Dans un récent ouvrage intitulé "Anatomie de l’Affiche rouge" (éd Seuil Libelle), Annette Wieviorka dénonce la "glamourisation" de cette entrée au Panthéon et met l’accent sur l’histoire de tous les membres du groupe Manouchian : Celestino Alfonso "l’Espagnol rouge", Marcel Rajman "le juif polonais" ou encore Spartaco Fontanot "l’Italien communiste". "Il faut aussi rappeler que sur 'l’Affiche rouge', les nazis ont choisi de mettre l’accent sur les juifs en faisant figurer sept d’entre eux sur dix hommes. Il s’agissait de dire que les juifs étaient les inspirateurs des crimes commis par les étrangers", analyse l’historienne.
À l’entrée du caveau numéro 13 où vont reposer les restes de Missak et Mélinée Manouchian, une plaque sera cependant installée en hommage à leurs 22 camarades FTP-MOI ainsi qu'à leur chef Joseph Epstein. "Un lot de consolation. Il y a déjà pas mal de plaques et on ne les voit pas. Ce n’est pas la même chose que d’avoir une place au Panthéon", estime Annette Wieviorka.
Son confrère Denis Peschanski ne comprend pas cette polémique. Pour l’historien, l’entrée au Panthéon est avant tout symbolique : "Leurs noms vont être inscrits en lettres d’or. C’est une façon de les honorer officiellement". Spécialiste de la Résistance, Fabrice Grenard considère aussi que cette controverse n’a pas lieu d’être : "Quand De Gaulle a fait entrer Jean Moulin au Panthéon en 1964, c’était aussi une façon de rendre hommage à tous les résistants. Là, c’est la même chose. Cela n’a pas de sens de faire entrer 23 personnes. On ne retiendrait aucun nom. À travers Missak Manouchian, on rend plus largement hommage à l’ensemble des résistants étrangers. C’est pour cela que cette panthéonisation est importante".

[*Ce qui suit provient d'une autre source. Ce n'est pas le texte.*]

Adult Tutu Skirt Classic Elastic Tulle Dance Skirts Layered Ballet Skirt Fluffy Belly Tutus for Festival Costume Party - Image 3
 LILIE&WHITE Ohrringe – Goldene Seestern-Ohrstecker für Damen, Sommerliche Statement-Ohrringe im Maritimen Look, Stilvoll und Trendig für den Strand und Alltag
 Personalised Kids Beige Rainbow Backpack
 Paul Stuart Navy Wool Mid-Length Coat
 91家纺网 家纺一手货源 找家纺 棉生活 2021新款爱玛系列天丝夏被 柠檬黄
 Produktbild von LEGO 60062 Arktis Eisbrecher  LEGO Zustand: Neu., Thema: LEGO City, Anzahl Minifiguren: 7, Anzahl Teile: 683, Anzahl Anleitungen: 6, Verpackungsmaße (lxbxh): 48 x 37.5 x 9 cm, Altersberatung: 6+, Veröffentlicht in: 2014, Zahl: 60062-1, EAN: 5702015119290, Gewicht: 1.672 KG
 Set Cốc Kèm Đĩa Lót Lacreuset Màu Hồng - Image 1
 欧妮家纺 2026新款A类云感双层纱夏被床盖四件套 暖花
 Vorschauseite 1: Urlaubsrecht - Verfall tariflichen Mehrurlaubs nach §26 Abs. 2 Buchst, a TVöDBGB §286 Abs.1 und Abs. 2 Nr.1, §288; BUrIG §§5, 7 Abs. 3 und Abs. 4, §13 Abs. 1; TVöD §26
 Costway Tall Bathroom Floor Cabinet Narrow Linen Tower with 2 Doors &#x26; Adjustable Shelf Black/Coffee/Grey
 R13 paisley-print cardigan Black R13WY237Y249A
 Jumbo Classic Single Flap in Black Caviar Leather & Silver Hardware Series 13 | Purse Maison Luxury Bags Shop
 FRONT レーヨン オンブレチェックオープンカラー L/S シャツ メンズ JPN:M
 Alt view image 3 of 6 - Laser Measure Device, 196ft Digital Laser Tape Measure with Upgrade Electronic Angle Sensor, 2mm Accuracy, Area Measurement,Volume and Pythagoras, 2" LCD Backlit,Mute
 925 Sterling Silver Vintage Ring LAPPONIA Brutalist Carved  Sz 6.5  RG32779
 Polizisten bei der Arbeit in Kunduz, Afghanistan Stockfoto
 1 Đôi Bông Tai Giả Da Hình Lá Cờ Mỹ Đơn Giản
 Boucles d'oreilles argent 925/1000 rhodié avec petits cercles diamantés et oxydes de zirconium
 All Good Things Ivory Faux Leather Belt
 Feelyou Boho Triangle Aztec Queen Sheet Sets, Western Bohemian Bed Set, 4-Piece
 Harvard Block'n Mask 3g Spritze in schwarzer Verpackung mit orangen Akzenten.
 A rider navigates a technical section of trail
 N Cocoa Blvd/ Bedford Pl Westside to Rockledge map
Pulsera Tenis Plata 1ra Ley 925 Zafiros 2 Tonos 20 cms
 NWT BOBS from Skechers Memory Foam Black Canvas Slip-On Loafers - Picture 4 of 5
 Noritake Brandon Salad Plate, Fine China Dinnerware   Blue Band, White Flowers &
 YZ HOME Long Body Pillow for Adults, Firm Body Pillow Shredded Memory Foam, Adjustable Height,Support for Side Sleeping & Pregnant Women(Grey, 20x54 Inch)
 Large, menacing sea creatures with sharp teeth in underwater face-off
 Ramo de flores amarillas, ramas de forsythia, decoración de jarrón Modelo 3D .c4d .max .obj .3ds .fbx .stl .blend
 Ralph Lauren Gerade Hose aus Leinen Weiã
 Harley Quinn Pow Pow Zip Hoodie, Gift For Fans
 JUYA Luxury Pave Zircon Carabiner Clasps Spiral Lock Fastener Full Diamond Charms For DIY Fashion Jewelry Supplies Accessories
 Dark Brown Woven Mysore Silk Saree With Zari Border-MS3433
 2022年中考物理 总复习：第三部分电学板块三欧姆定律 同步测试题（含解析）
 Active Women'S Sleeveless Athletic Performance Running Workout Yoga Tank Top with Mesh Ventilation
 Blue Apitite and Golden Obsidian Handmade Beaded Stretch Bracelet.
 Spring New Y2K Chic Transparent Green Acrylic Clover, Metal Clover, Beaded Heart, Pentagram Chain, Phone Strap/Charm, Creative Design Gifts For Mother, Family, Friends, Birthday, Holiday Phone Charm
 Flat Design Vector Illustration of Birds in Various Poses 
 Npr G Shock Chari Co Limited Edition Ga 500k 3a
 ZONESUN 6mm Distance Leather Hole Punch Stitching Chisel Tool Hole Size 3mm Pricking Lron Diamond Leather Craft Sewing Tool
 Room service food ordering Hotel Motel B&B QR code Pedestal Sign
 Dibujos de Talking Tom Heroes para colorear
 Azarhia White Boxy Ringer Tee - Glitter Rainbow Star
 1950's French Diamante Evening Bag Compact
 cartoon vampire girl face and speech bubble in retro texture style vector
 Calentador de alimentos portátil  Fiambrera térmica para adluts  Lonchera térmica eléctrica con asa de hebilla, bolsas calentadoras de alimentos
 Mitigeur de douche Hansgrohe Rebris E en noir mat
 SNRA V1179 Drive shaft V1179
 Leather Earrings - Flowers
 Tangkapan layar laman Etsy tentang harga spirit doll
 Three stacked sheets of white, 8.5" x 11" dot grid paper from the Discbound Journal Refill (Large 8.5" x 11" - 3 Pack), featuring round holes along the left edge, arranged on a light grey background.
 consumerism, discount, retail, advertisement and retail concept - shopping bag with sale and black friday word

Bien loin de ces considérations mémorielles, Missak Manouchian avait eu une pensée dans ses derniers instants pour l’ensemble de ses camarades et pour sa femme : "Aujourd’hui, il y a du soleil. C’est en regardant au soleil et à la belle nature que j’ai tant aimée que je dirai adieu à la vie et à vous tous, ma bien chère femme et mes bien chers amis".